- **Task**:
Although the data below holds other lines too, output only those from the line with "EXPRESS Body Contour" up to and including the line with "Alaca Çift Kişilik", exactly as they appear.

- **Records**:
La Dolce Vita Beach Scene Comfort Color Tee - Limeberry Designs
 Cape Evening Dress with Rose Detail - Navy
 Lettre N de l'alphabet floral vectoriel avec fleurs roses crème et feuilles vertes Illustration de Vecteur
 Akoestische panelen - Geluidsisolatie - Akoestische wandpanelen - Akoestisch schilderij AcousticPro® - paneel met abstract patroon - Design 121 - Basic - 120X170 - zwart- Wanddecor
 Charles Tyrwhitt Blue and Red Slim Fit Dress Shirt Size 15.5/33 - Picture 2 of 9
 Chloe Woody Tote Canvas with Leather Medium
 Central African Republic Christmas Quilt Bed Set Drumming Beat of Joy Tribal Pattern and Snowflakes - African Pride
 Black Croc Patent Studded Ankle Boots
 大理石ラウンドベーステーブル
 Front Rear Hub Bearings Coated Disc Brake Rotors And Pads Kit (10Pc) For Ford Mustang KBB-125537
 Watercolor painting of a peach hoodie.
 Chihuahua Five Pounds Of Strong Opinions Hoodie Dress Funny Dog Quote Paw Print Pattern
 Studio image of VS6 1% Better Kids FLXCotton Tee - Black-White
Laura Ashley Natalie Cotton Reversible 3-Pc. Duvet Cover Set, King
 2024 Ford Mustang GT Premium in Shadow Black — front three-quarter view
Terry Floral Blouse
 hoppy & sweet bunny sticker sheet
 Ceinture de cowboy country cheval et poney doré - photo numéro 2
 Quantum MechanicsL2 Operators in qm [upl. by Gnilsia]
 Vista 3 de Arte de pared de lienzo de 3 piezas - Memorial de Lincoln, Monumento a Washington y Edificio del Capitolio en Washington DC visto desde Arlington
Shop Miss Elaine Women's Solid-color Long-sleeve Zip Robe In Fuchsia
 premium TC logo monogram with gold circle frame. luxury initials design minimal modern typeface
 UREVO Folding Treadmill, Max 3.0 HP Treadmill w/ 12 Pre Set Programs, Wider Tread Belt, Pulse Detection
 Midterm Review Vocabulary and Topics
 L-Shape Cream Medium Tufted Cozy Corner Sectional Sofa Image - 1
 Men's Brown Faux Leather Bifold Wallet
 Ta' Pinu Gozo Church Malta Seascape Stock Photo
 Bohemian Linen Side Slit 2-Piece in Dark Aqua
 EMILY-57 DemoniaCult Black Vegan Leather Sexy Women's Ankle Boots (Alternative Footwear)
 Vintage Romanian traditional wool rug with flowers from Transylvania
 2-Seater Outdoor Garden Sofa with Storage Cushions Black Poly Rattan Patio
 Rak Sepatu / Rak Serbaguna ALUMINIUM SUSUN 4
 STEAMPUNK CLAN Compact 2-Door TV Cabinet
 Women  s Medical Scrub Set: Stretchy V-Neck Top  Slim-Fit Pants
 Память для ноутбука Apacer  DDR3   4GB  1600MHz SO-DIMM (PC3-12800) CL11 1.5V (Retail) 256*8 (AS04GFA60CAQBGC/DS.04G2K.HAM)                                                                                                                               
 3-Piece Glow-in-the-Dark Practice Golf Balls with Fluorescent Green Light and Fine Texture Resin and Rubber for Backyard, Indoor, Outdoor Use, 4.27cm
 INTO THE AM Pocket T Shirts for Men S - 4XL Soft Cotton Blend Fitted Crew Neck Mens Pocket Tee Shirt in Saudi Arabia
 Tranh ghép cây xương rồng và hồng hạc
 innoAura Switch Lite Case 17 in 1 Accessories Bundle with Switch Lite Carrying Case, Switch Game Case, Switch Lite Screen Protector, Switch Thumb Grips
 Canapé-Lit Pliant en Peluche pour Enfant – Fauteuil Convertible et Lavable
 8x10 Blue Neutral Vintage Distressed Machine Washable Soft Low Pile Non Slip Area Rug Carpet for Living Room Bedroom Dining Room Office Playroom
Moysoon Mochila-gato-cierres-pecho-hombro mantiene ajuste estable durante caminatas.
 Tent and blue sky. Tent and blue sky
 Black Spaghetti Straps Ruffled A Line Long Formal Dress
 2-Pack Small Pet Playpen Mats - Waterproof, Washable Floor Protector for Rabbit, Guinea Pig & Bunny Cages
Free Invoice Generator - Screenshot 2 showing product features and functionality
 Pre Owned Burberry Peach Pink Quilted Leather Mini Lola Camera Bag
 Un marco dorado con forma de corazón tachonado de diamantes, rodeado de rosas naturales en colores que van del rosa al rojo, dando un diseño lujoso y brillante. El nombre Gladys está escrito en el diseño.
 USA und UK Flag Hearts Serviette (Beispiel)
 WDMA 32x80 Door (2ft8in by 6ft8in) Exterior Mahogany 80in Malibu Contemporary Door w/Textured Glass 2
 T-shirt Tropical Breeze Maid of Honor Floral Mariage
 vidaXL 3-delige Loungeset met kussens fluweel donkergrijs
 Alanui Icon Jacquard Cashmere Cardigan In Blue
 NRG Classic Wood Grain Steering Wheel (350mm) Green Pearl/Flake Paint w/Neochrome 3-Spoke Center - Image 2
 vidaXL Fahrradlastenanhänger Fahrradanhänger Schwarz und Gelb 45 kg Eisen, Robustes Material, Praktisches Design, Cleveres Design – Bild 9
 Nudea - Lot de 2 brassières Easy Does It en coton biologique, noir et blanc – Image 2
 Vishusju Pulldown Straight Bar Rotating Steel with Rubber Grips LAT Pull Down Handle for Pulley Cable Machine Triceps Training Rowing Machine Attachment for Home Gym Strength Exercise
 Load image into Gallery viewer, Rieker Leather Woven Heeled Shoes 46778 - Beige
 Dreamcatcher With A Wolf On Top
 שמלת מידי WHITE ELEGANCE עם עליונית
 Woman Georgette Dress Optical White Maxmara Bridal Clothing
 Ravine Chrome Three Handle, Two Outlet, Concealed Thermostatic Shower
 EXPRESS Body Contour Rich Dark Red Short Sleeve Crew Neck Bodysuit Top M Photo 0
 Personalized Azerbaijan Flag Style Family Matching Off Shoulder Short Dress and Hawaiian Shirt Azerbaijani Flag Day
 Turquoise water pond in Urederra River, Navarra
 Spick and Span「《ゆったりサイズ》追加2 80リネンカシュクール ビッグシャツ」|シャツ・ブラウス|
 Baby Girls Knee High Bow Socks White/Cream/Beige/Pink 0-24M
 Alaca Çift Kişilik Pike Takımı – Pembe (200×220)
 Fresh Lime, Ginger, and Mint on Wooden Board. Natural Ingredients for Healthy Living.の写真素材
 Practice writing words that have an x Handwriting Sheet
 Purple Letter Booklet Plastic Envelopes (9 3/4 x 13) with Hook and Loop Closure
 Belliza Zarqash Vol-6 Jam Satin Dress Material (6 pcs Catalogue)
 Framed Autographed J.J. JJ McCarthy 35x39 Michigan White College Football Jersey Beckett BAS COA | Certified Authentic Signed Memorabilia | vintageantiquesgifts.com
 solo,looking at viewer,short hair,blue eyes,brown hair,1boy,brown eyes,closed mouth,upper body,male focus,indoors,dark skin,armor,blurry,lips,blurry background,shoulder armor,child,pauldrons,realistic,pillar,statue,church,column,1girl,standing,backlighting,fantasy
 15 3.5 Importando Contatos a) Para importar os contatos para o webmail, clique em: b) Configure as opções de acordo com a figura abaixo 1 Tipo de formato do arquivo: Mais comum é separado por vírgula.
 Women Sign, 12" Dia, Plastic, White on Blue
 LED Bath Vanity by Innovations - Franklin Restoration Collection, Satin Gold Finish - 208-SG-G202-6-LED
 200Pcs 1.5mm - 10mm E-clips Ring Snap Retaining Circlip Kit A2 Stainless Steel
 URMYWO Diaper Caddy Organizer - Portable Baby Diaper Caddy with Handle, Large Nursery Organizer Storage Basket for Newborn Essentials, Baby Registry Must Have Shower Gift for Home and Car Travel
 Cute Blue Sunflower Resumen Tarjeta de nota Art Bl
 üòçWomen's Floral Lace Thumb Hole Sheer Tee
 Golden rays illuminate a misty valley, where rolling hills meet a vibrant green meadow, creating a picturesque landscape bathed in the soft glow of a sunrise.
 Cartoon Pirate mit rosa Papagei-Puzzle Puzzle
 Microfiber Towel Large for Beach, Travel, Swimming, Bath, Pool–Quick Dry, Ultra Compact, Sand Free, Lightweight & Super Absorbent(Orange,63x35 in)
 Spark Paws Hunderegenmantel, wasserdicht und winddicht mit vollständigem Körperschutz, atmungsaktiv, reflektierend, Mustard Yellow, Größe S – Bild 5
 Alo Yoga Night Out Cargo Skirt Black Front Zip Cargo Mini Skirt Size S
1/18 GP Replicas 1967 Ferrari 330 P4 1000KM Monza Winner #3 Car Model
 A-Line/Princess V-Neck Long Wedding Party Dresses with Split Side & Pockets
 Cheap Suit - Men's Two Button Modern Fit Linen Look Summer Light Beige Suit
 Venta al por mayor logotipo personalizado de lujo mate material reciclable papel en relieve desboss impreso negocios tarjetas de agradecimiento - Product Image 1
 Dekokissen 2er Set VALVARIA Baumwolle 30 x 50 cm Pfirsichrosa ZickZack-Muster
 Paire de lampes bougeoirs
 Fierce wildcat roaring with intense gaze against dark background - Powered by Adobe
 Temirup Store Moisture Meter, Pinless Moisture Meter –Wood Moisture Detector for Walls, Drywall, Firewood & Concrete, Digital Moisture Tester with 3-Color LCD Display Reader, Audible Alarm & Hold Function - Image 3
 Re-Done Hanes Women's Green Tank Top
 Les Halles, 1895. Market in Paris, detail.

- **Expected answer**:
 EXPRESS Body Contour Rich Dark Red Short Sleeve Crew Neck Bodysuit Top M Photo 0
 Personalized Azerbaijan Flag Style Family Matching Off Shoulder Short Dress and Hawaiian Shirt Azerbaijani Flag Day
 Turquoise water pond in Urederra River, Navarra
 Spick and Span「《ゆったりサイズ》追加2 80リネンカシュクール ビッグシャツ」|シャツ・ブラウス|
 Baby Girls Knee High Bow Socks White/Cream/Beige/Pink 0-24M
 Alaca Çift Kişilik Pike Takımı – Pembe (200×220)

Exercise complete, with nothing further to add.